For a rather complex internal web project of Geode (a company I'm part of since its inception), a few years ago I started working on an XML-based scripting language called GXI, mostly used for building web pages. Over the last 6 months I've become the main developer of this language, and right now I'm spending some time to extend and enhance it, so I decided it was about time to blog about it.

Why XML? We came to this idea because we have a set of servers that communicate by exchanging XML, and we already have a system allowing us to execute a few commands (each returning and XML document) and apply an XSLT transformation to them, to produce web pages. For example, my old site delphi.newswhat.com is still based on that version of the old version of our architecture. The trouble is pages are quite hard to customize, and it is almost impossible to base further processing on the outcome of the first of a set of commands. That's one of the reasons we started working on a language and its interpreter.

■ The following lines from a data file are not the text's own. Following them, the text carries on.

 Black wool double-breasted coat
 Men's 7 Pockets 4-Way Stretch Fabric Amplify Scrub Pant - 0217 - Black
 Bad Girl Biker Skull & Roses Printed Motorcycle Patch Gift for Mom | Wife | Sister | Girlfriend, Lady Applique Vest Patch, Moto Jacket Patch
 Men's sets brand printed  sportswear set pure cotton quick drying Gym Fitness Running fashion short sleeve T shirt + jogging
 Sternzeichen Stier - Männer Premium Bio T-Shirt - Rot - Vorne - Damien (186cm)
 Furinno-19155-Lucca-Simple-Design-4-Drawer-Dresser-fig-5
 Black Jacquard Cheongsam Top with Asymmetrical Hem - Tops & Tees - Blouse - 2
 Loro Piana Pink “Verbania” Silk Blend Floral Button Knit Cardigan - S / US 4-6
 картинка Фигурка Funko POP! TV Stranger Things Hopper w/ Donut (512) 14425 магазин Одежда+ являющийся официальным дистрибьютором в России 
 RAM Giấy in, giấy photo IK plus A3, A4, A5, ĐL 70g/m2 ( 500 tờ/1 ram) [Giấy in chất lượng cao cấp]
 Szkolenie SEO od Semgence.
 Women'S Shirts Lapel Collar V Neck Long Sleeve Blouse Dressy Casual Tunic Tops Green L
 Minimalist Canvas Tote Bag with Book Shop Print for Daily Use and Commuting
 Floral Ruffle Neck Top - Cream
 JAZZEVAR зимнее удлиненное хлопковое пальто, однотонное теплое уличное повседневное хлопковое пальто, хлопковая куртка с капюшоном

Why XML for the language? Although I've seen many voices critical of the XML syntax for a language, as it is far less natural than traditional langauges. It made sense for our architecture, but the more I use it the more I think it makes a lot of sense overall. If your aim is to generated tag-based content (and this is what HTML is about) working in a tag-based environment is quite nice. In GXI, we can intersperse language statements (assignments, conditional operations, loops, commands processing) with the tags part of the structure of the final document, which can either be XML (generally to be turned into HTML via XSLT) or directly HTML. This means that a source code file is an XML document, exactly like the documents representing the application data. It also means you can dynamically produce source code files by manipulating data with an XSLT file, same process used for producing the output. This is terribly powerful!

What are the drawbacks? For one, we had to come out, develop and maintain our own language, although writing an XML-based parser is far easier than writing a generic language parser. Had we used an existing open source language, we could have saved some effort. But from what I see around, XML is still not natively supported by most scripting languages, and not so commonly used to build web sites (as I think it should be). In our language we have a native "nodeset" data type, representing an XML document or a fragment. We can use XPath and XSLT as native nodeset operations. I've not seen any other language with this power, although LINQ is going into the same direction (at least in part).

Do you remember the Charlotte project, that of a language to "glue" web services? Our language is exactly in that space. It can call external web services, via REST or SOAP, invoke internal commands (implemented in Delphi and bound to the program, generic enough that you seldom need to change them), do some processing, and produce XML-documents, JavaScript (yes, we generate client-side code dynamically!), HTML pages, and PDF files.

In other words, when I look to other scripting languages, even popular ones, I see they tend to use a very traditional model, which in my opinion is not always the best choice. In our case (and in the case of other XML-based languages) there is a radical shift that can take a while to get used to, but you end up with a lot of power. At least this has been my experience.

Finally, what is the status of the project? Right now it is a proprietary language part of a rather complex XML-based architecture. I think we have three options. the first is to keep it for ourselves for our projects and those of our partners. The second is to create a lightweight version of our architecture, with Delphi plugins, and sell this engine, which will be easier to use than our current architecture. The third is to open source the language and keep the remaining portions of the architecture for us, as right now we cannot give away 5 years of work and a rather large investment.

That is, if there is any interest in this area and no one decides to buy our technology and take it to the market. In each case, I'll be happy to hear from you. And if you are curious and want to see a few examples I can post some snippets of our internal language tutorial.